Characterising galaxy cluster scaling relations as cosmic isotropy tracers using FLAMINGO simulations
Yujie He, Konstantinos Migkas, Joop Schaye, Joey Braspenning, Matthieu Schaller
TL;DR
This study probes cosmic isotropy by testing directional variations in galaxy-cluster scaling relations against ΛCDM using FLAMINGO hydrodynamical simulations. It implements two complementary analyses (M21-style sky patches and full MCMC likelihood) on 1728 simulated lightcones, with scatter and instrumental uncertainties matched to observations, to quantify the frequency of M21-like anisotropies. The results show that most apparent anisotropies arise from statistical noise, but a residual tension remains, particularly in the joint $L_X{-}T$ and $Y_{SZ}{-}T$ analysis, at roughly $2.3$–$3.6\sigma$ depending on method and scatter treatment. The work highlights the critical role of scaling-relation scatter, offers guidance on selecting low-scatter observables (e.g., $M_{gas}{-}T$), and underscores the importance of simulations for interpreting potential cosmological anisotropies in cluster data. It also points to future pathways, including applying the method to new cluster catalogs (eRASS1) and performing signal-injection tests to calibrate methodology and robustness against systematics.
Abstract
The standard cosmological model, $Λ$CDM, assumes isotropy on large cosmic scales. However, recent studies using galaxy cluster scaling relations have reported an apparent $H_0$ anisotropy at $5.4σ$ that could be attributed to large bulk flows extending beyond ${500}\,\mathrm{Mpc}$, which is in disagreement with $Λ$CDM. To quantify the statistical tension of the observational galaxy cluster data used in past studies with $Λ$CDM, we utilised the isotropic (${2.8}\,\mathrm{Gpc})^3$ run of the FLAMINGO ($Λ$CDM) simulations, the largest hydrodynamical cosmological simulation available to date.
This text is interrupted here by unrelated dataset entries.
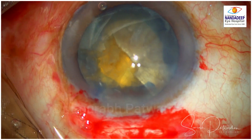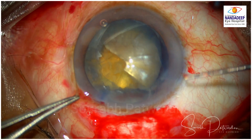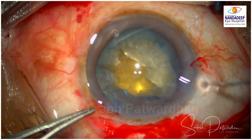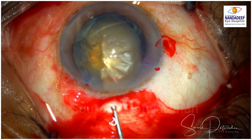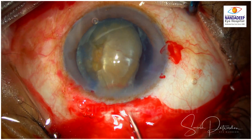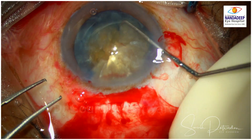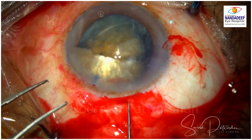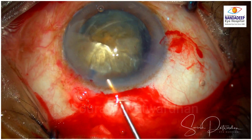I am going to use the visco expression technique. The skill here is to take this nucleus out from the bag. The CCC is small but there is already a radial tear, so I am going to rotate this piece. You can see it is partially chopped, so the two pieces are still joined to each other — which is good — because I can rotate one piece slowly and then bring the other piece also out of the bag. It is important that the entire nucleus is in the anterior chamber before I start removing it through the scleral tunnel.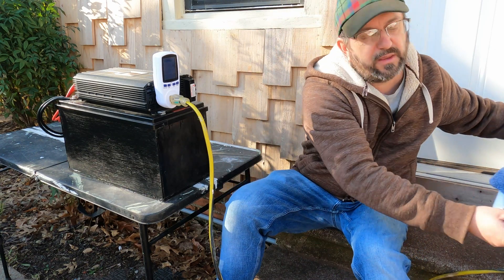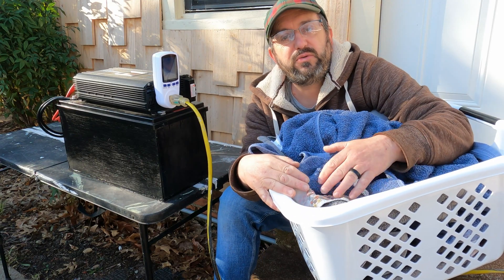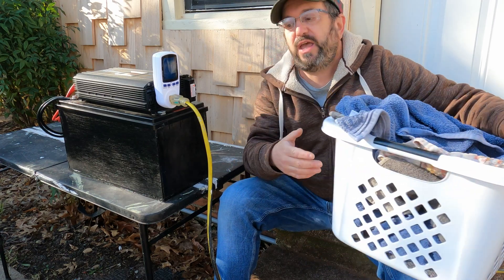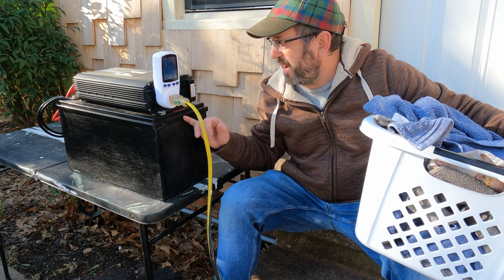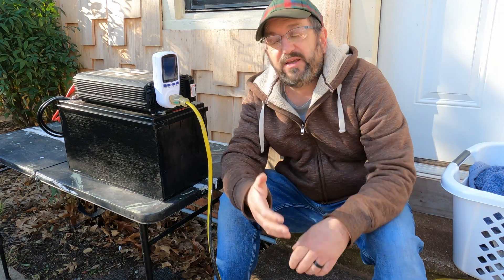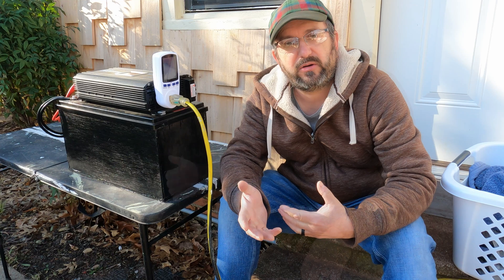So today, what I'm going to do is see: can you do your laundry off-grid? Can you use the power of the sun to wash and dry your clothes? Can you use a 12-volt battery and an inverter to do it? Is that enough? How much energy does it take? What's the best solution to dry your clothes?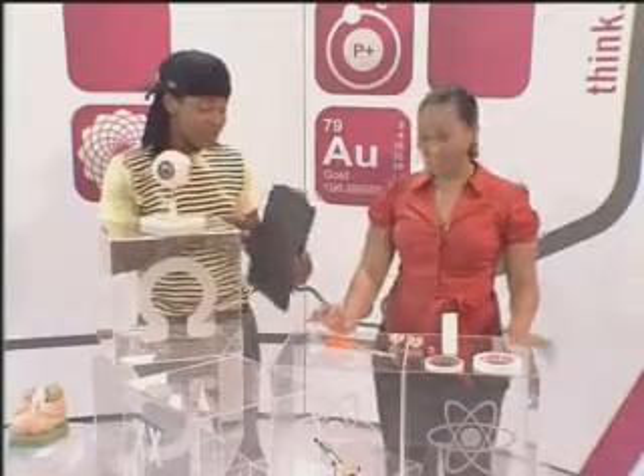We are back in the lab and today we're going to be talking about the center of gravity. I'm sure you've heard this term before — let's get into our experiments.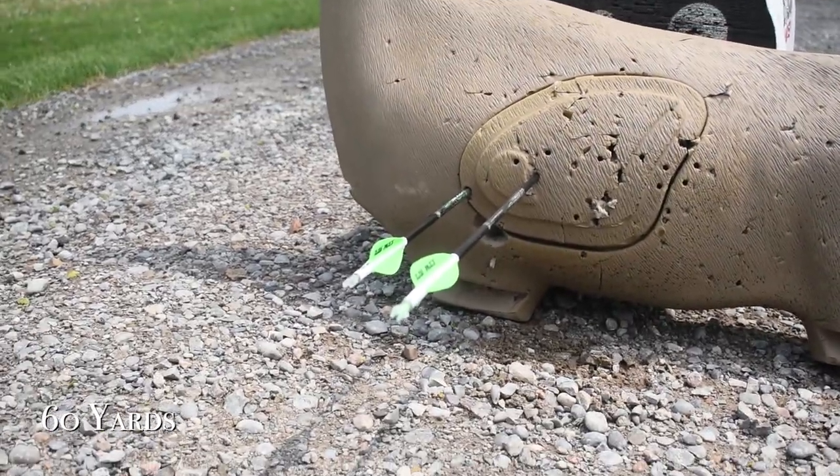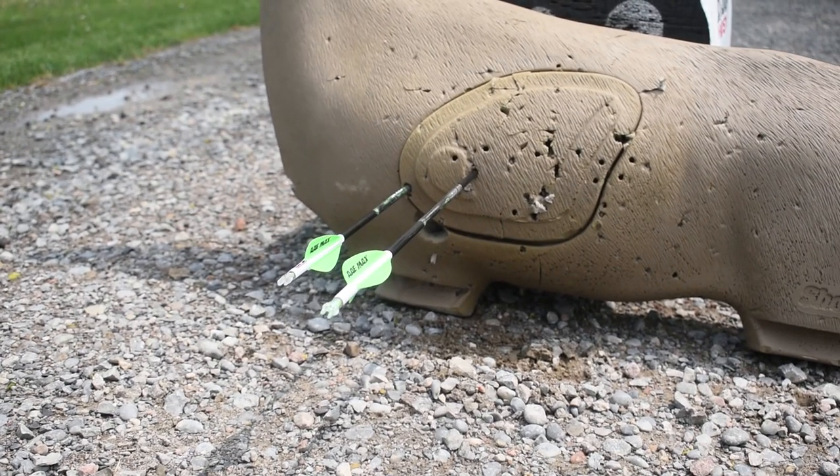60 yards — field point and broadhead. Well, there you have it. The results speak for themselves. This Crimson Talon Cleaver is incredibly well constructed and should pose devastating results in the field.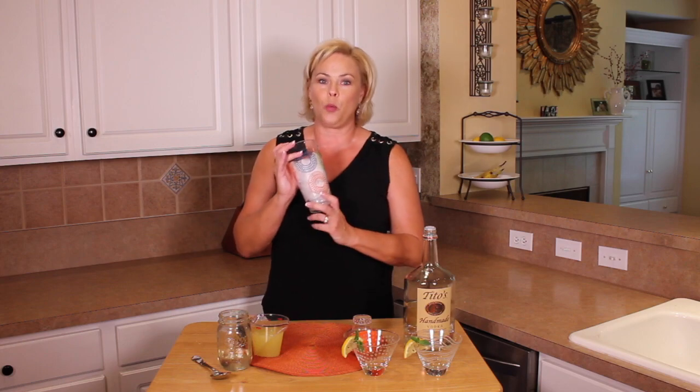You want to start by filling your shaker with ice — key to a good martini. Next, you want to add the juice of six lemons, that is about one cup of fresh squeezed lemon juice.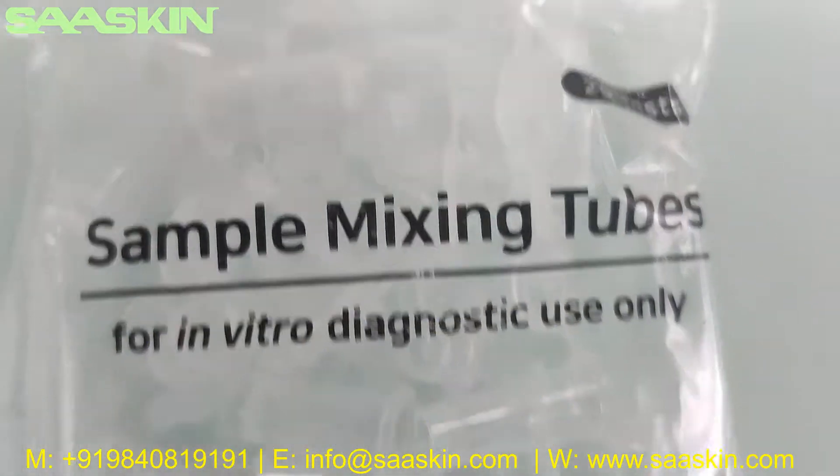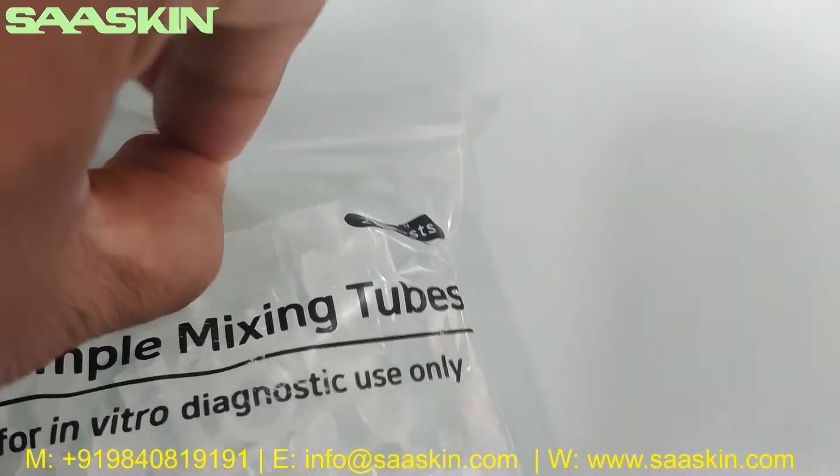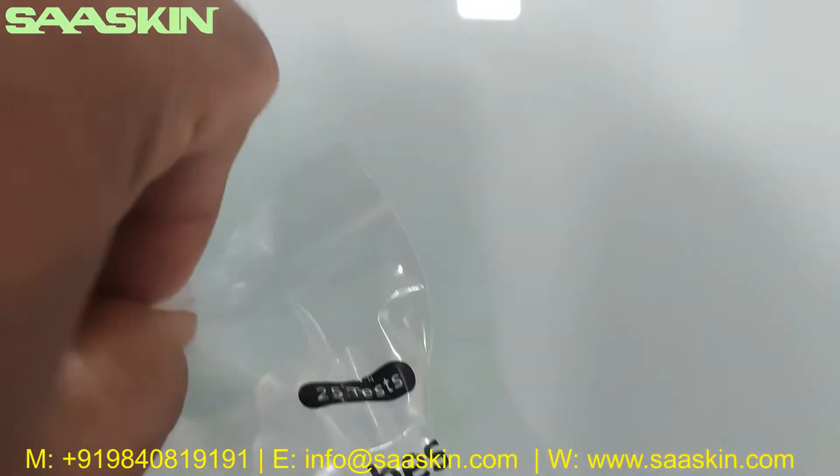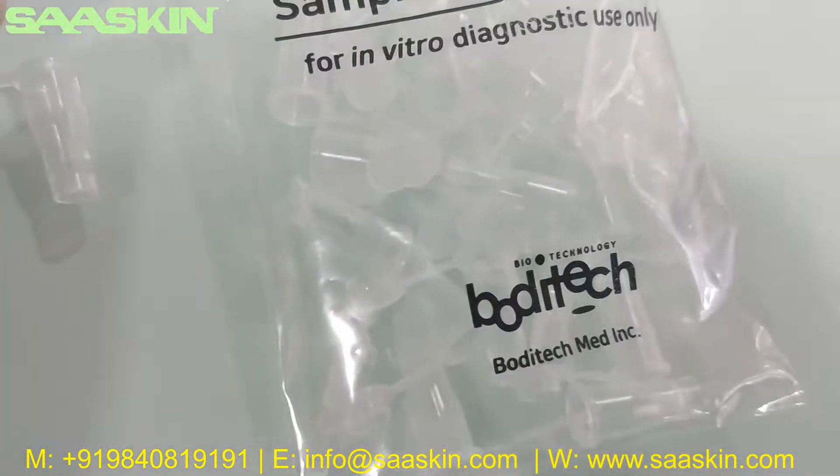Further inside the box, there is a 25 pack of sample mixing tubes. I'll try to pull one out of the pack to show you. You can see the sample mixing tubes — this is how they look.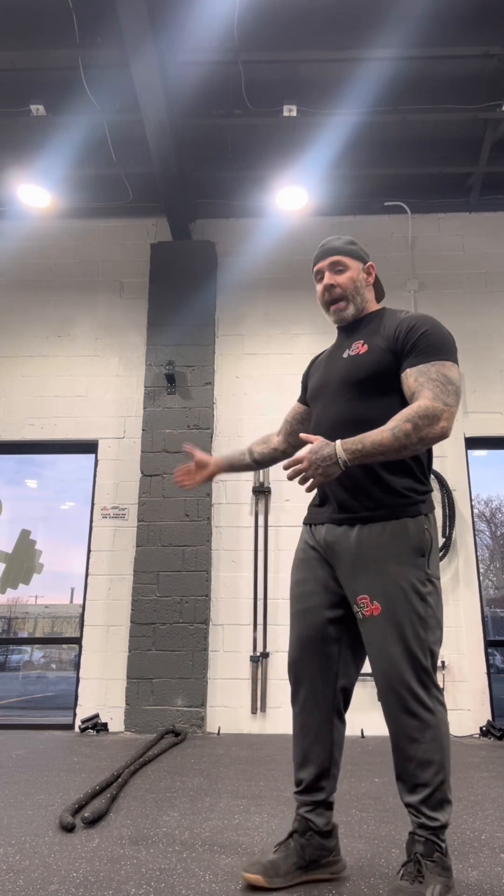So for cardio today, like I said, I did biceps, triceps, and some forearm work. I'm going to do battle ropes and walkouts. The battle rope is primarily a bicep and forearm movement. The walkout is primarily a chest, tricep, and front delt movement. So I'm hitting what I worked on today.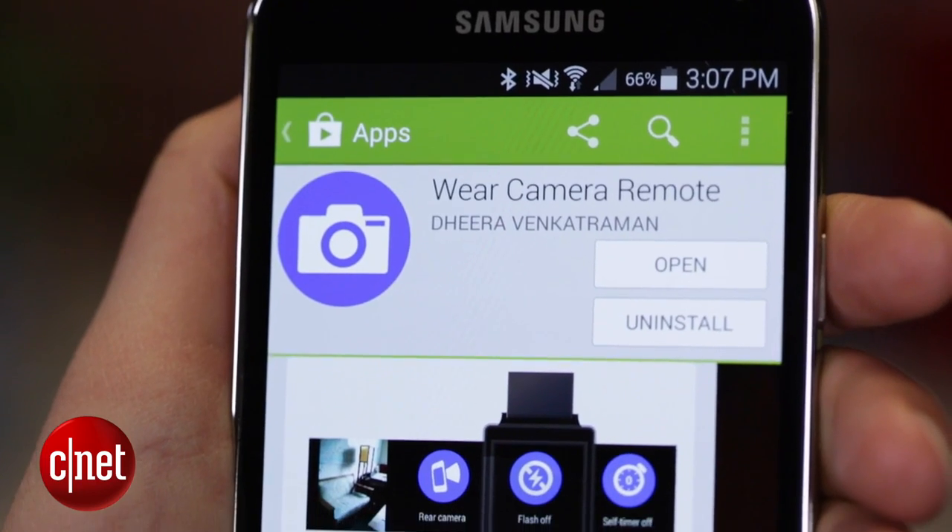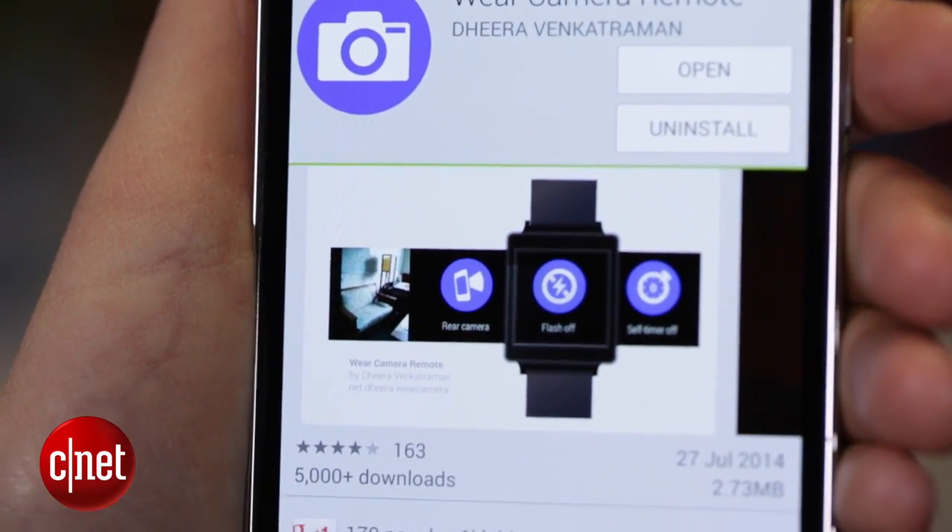There is another way to get more control out of Android Wear itself, and that's by downloading a third-party app. It is called Wear Camera Remote, and it's also available from the Play Store.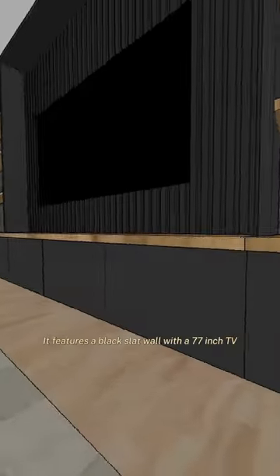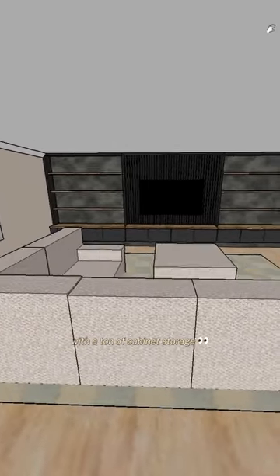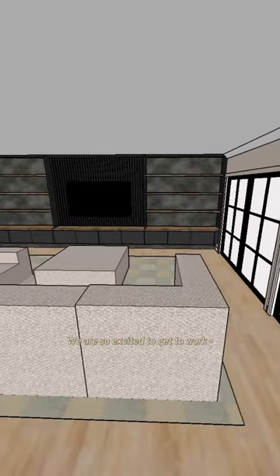It features a black slat wall with a 77 inch TV and custom floating oak shelves on either side with a ton of cabinet storage. We are so excited to get to work, so let's get to building.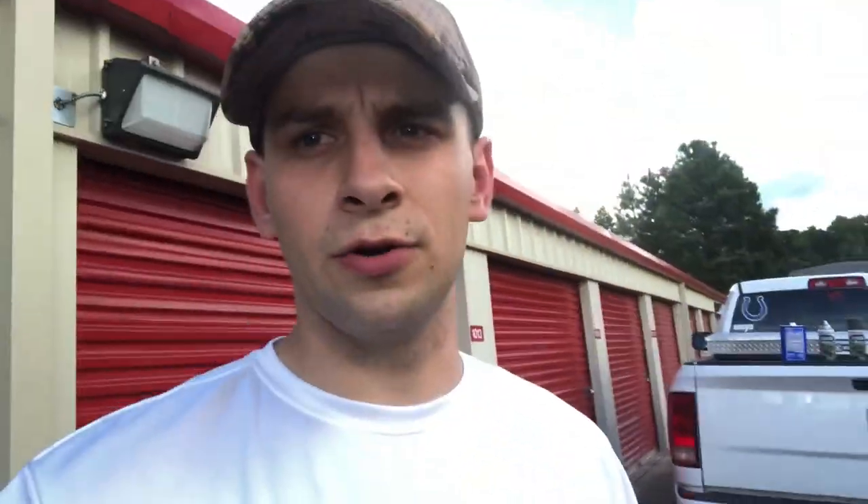They're all powered by foot controls. The trolling motor in the back sticking up is going to block the blind. So for mine, I decided I was going to paint it so I didn't have all that white sticking out.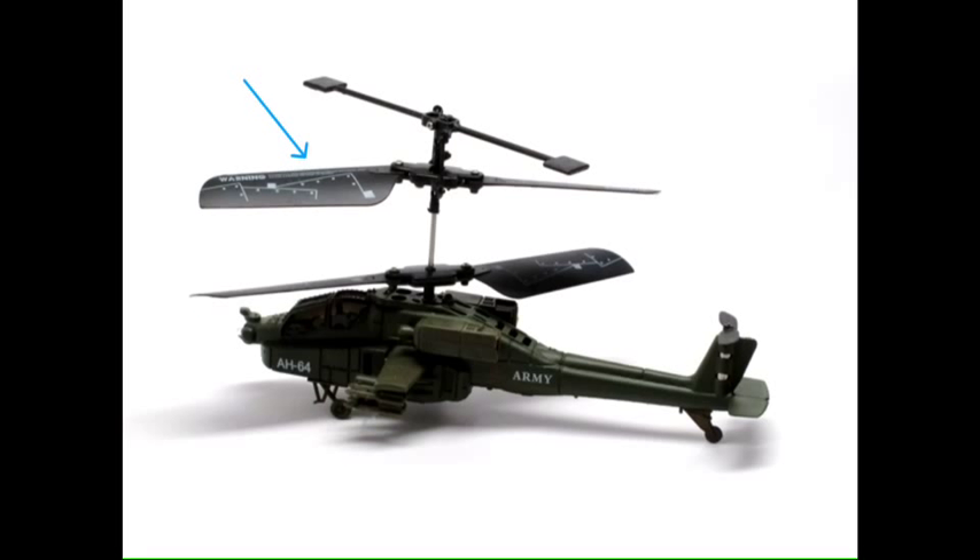Most helicopters are going to have a single rotor up top — let's say, for example, just that one — and they wouldn't have a second one. So what's going to happen in this type of scenario is that this rotor is going to spin in this direction, creating lift for the helicopter to actually fly.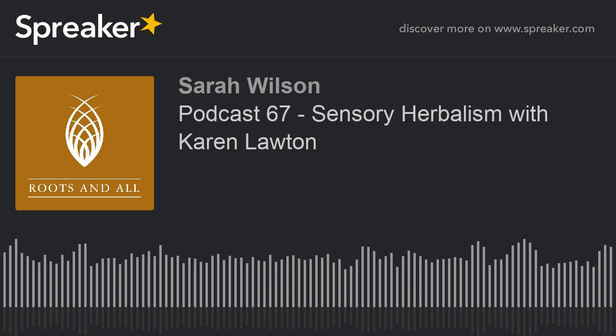We've had a really good time working with the plants and people over the last 20 years, and the book we've written, The Sensory Herbal Handbook, has that whole system within it, which has been really exciting to release into the public domain and receive lovely feedback from.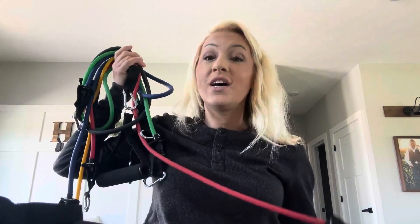Hi everybody. I'm here today with this 11-piece accessory resistant bands fitness set. This fitness band set comes with so many bands, totaling 105. You can use them separately, individually, or together to get the preferred weight for your workout.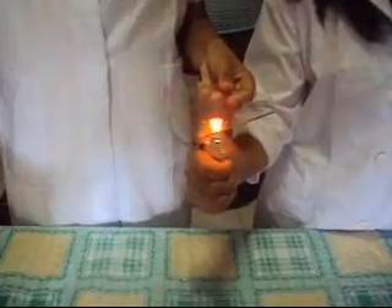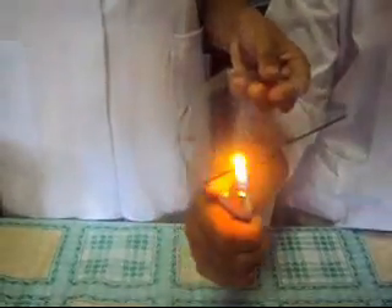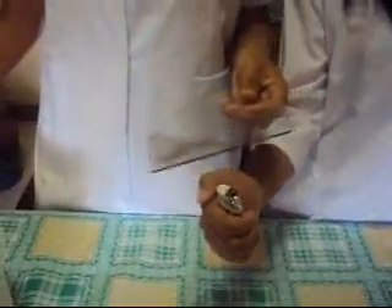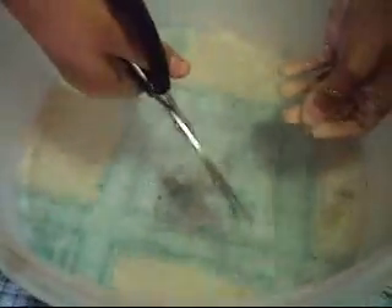The procedures are: first, prepare your water. Then next, heat a part of the glass using a lighter. After that, put the glass immediately into the water and start cutting it. And for the result, see it for yourself.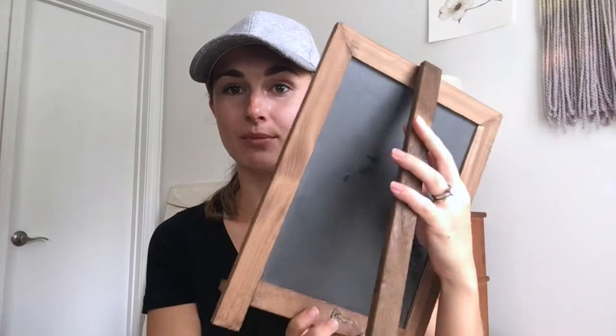Hey everybody, I am super excited to be talking to you today about a product that I am getting to test out. I have been working with the company VersaChalk and they gave me some items to share with you all today. They sent me these chalkboard markers — just the white versions — and then a whole color pack of the chalk markers as well.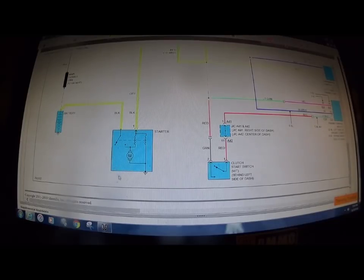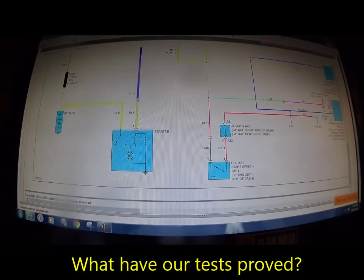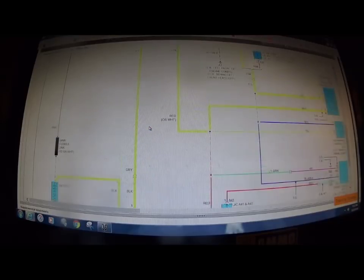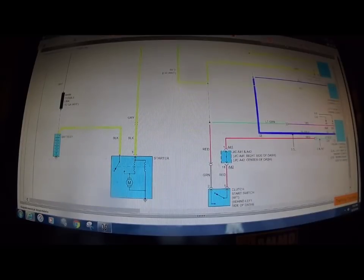If that light goes out, you've got a problem. You have to have a ground under load — that's the correct way to test it. On this vehicle, we confirmed a good ground, constant power on the battery feed, and power in crank mode on the S-wire. Once I've eliminated those three things, what's left? The starter — that's it. There's nothing else it can be. Everything else on this entire diagram is 100% eliminated. There are no other possibilities left.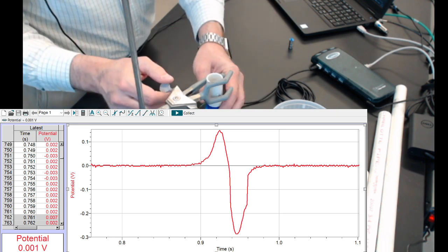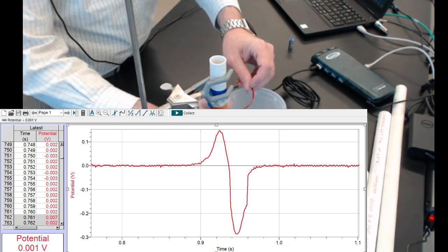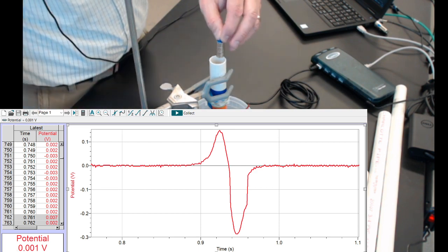I'll put it in my holder, put the catcher in place, and I've got the magnet ready to drop.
We created 1728 simulated lightcones and studied the apparent level of anisotropy traced by X-ray and thermal Sunyaev-Zeldovich scaling relations in the same cluster sample selection and methodology as in the past study. We find the probability of such apparent anisotropies randomly emerging in cluster scaling relations within a $Λ$CDM universe to be $0.12\%\, (3.2σ)$. The discrepancy goes up to $\sim 3.6σ$ when modelled as a bulk flow at $z < 0.1$. We also find that statistical noise accounts for over $80\%$ of the anisotropy amplitude in each lightcone, with large peculiar velocities contributing less than $20\%$. We also show that anisotropy amplitudes are highly sensitive to the intrinsic scatter in the scaling relations, with tighter relations providing stronger constraints. Nevertheless, the tension between the past results and $Λ$CDM persists, albeit at a lower significance than previously reported.